The protests were initially sparked by the end to tax exemptions on special diesel fuel used in farming equipment, but also focused on the accumulation of environmental regulations, the payment of European grants, supermarket prices and competition from cheap foreign imports, which are not subject to French food production standards (on pesticide use for instance).

The government’s attempts to appease the unions ultimately led to the announcement of several concessions.

Read more: French farmer roadblocks start to end - but not all

However, the farmers’ unions are upset by, what they see as, the slow speed at which the government has followed through.

While they are not calling for the return of such a widespread movement, local protests have become more common since Monday (February 19) and are likely to intensify with the approach of the Paris International Agricultural Show.

Where are the Farmers protesting February 21?

  • The A62 motorway between Agen (Lot-et-Garonne) and Montauban (Tarn-et-Garonne)
  • Rolling blockades around Dunkirk (Nord)
  • Manure dumped in front of the prefecture in Châlons-en-Champagne (Marne)
  • Manure dumped in front of the sub-prefecture in Reims, Vitry-le-François et d’Epernay (Marne)
  • Supermarkets in Tarbes (Hautes-Pyrénées)

Why is the Paris International Agricultural Show so important?

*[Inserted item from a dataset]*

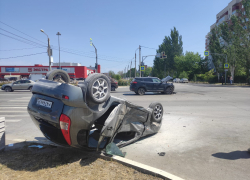 Пострадали двое детей и 4 взрослых: подробности автокатастрофы под Волгоградом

The Paris International Agricultural Show, or Salon International de l'Agriculture, is one of the largest public trade fairs in the world, and in 2024 runs from February 24 to March 3.

Each year, it is attended by thousands of farmers, many of whom have animals with them, and visited by hundreds of thousands of people from Paris and around the world.

French politicians of all persuasions have come to use it as an occasion to burnish their public image and everyman credentials.

However, farmers unions have been warning for several weeks that they plan to protest at the event if the government does not speed up the delivery of concessions it promised on February 1.

“The show will be under pressure, and we will not be there just to flatter the government’s communication effort”, said Bouches-du-Rhone FNSEA president Laurent Depieds. “We will be there to hassle them and make our demands”.

Another FNSEA regional president from Doubs told FranceInfo that the union “cannot let the show happen as normal”.

No major protests have been announced for the show so far, however the FNSEA farmers union told BFMTV that 15 to 30 tractors “will do something peaceful and orderly”, with “food, music and a speech to remind people of our demands.”

“It will be the occasion for us to send a message to the President of the Republic that all we have done since autumn must result in clear decisions,” FNSEA national president Arnaud Rousseau told BFMTV. “The farming world can wait no longer.”

How is the government reacting?

They are keen to avoid angering the farmers.

The government has been quick to point out that it needs time to deliver the many concessions it made to farmers.

It says that checks on supermarkets and their pricing have been stepped up.

“We have performed 10,000 checks across 1,000 establishments and found 372 that did not respect the law,” announced Minister of Finance, Bruno Le Maire on February 21.

A new text for proposed changes to the EGalim law, central to some of the farmers’ demands, will be published by summer, according to Prime Minister Gabrel Attal.

Read more: What is France's EGalim law and why does it matter to farmers?

The government has also announced plans to ease the visa process for seasonal farm workers and to change the way it measures pesticide use. Details of these new measures have yet to be announced.